Is Google (owner of YouTube) really concerned about censorship? Or is it the fact that the Copyright Directive will require the platforms (not the users) to pay for sharing content that has been created by someone else. Google had already up to 5th July 2018 spent 31 million dollars lobbying against the Copyright Directive, employing 14 staff in Brussels just for this purpose, and this lobbying continued over the summer. EDRI (the European Digital Rights Initiative, one of the most vocal lobbying groups), is funded by Mozilla and Microsoft and a number of software companies, also the Electronic Frontier Foundation (US NGO funded by Silicon Valley).

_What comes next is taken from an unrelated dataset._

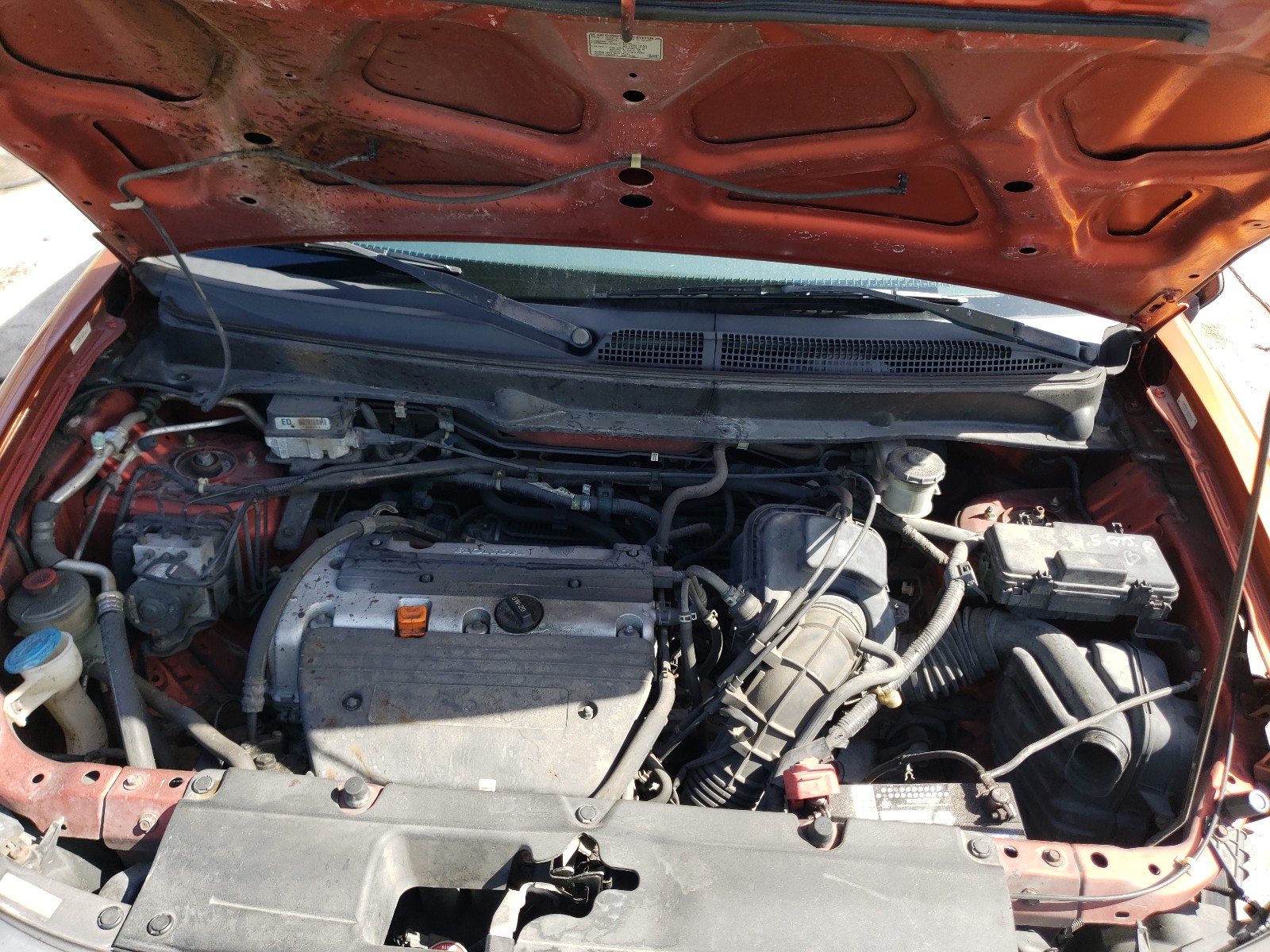 Photo 7 from auction – 2004 HONDA ELEMENT EX with VIN 5J6YH18584L011120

As Mogens Blicher Bjerregård of the European Federation of Journalists says,

“Of course if the creators want to share their work for free, they can license it under Creative Commons, or just give it away. But we think journalists and publishers who invest in journalism deserve to be paid“.

 

So – the publishers,trade unions and musicians want to get paid for their work that is shared online. The owners of the platforms that make billions of dollars from this sharing process don’t want to pay them. As US President Bill Clinton once said in an election campaign “It’s the economy, stupid“.

The issue has split most political parties. VoteWatch has analysed the parliamentary votes on copyright, and I took part in their webinar to learn the details.

European People's Party group (EPP) European Parliament Voting in EP - 5 July 2018

European People’s Party group (EPP) European Parliament Voting in EP – 5 July 2018

Almost all French MEPs voted FOR and almost all German MEPs voted AGAINST. This seems strange because the Rapporteur Axel Voss is German. Maybe Germany’s controversial national policy NetzDG made them scared..? Spain also has national legislation but so far it has proved ineffective, as Stephane Grusso of the Plataforma por la Libertad de Informacion or PDLI explains: “We have had a national copyright law since 2013. Last year a copyright management entity tried to make a news aggregator web called meneame.net to pay for content it shares, but they refused to pay. Nothing further happened. And also our high court (Tribunal Supremo) took a part of the law down so they have to do it again.”

In general the Greens, Left and Socialists are the most numerous and vocal opponents across the whole parliament and the EPP group (Centre and right) are pro-copyright. The reason why French parties are united in favour of the Copyright Directive seems to be that they are afraid French cultural products (films, music, publications) will lose out to English-language/US competition if the online market is not regulated to reward European cultural creators.

Sitting on the fence, ALDE, the liberal political grouping in the European Parliament sets out a concise summary on its website of the FOR and AGAINST arguments.

 

S&D Group European Parliament Voting in EP - 5 July 2018

S&D Group European Parliament

Liberalness, of course, has freedom at its root. But this English word ‘free’ is a shape-shifter. It prompted the creation of a website in 2014 called “Free as in speech, or free as in beer?”  The ’gratis’ or ’open source’ option it describes is available to software developers. But I believe it is not appropriate for journalistic products and their publishers, because journalists need to be able to work undercover and protect their confidential sources and whistleblowers. And they need to get paid, so that they can remain independent, not beholden to sponsors or advertisers or state handouts.

MEPs should also take time to look at another short read, the European Charter on Freedom of the Press. They might reflect on the fact that the phrase “free-for-all” is defined in the dictionary as “a dispute, or fight open to all comers and usually with no rules: brawl; also a chaotic situation especially in lacking rules or structure”. Yes, I want freedom – but what kind of freedom, and who will benefit?

 

Disclaimer: The views and opinions expressed in this article are strictly those of the author and do not necessarily reflect the official policy or position of any agency of the EU or those mentioned in it. Examples of analysis performed within this article are only examples. Assumptions made within the analysis are not reflective of the position of any entity named.